Purple spans a wide range, from deep, velvety hues that appear almost black to pale periwinkle. Red-dominated hues of purple add suspense and drama to plantings. They also mediate, bridging the gap between related colors that form dissonant matches on their own, such as red and orange. Blue-violets anchor and visually blend brighter colors.
Purple's ideal partner, yellow, invariably lightens and brightens a scene. Purple and yellow announce spring's arrival in the blooms of bulbs and pansies. Yellow helps to solidify purple, whereas purple subdues yellow. This relationship of contrasts becomes more important in shade-dappled gardens, where purple would easily melt into the shadows without yellow to clarify it. White also stabilizes purple in shade gardens.
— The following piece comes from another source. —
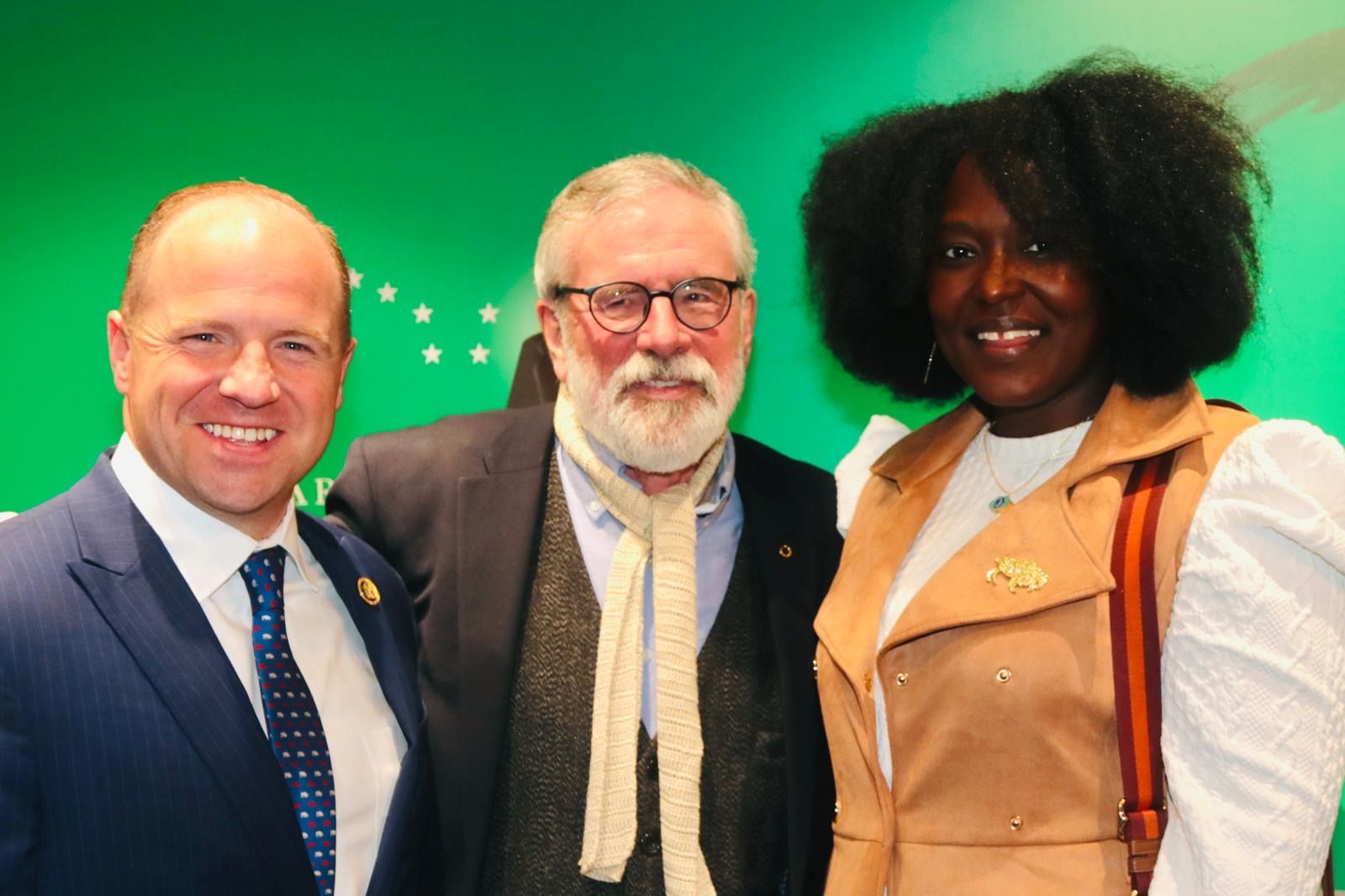 WARM RECEPTION: Congressman Tim Kennedy and Zeneta Everhart were welcomed to the James Connolly Centre in West Belfast by Gerry Adams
Other colors with yellow-dominant tints also flatter and define purple. Similarly, chartreuse plants make good partners. Purple and orange placed together send the color sparks flying in a match that's sultry and sophisticated.
Purple rounds out many effective trios. Plant it with chartreuse and pink for a sense of depth. When blended with blues and greens, it adds substance. Purple anchors combinations of red and gold, making them appear subtle and mysterious. Purple adds weight and value in a flower border. Use it as a shading tool to separate and define other colors.
Purple-leaf plants have become a huge trend in garden design. They offer a varied and versatile palette of trees, shrubs, and ornamental grasses, as well as perennials, annuals, and ground covers. Incorporate purple-foliage plants into borders and backgrounds just as you would purple flowers to create a powerful sense of drama.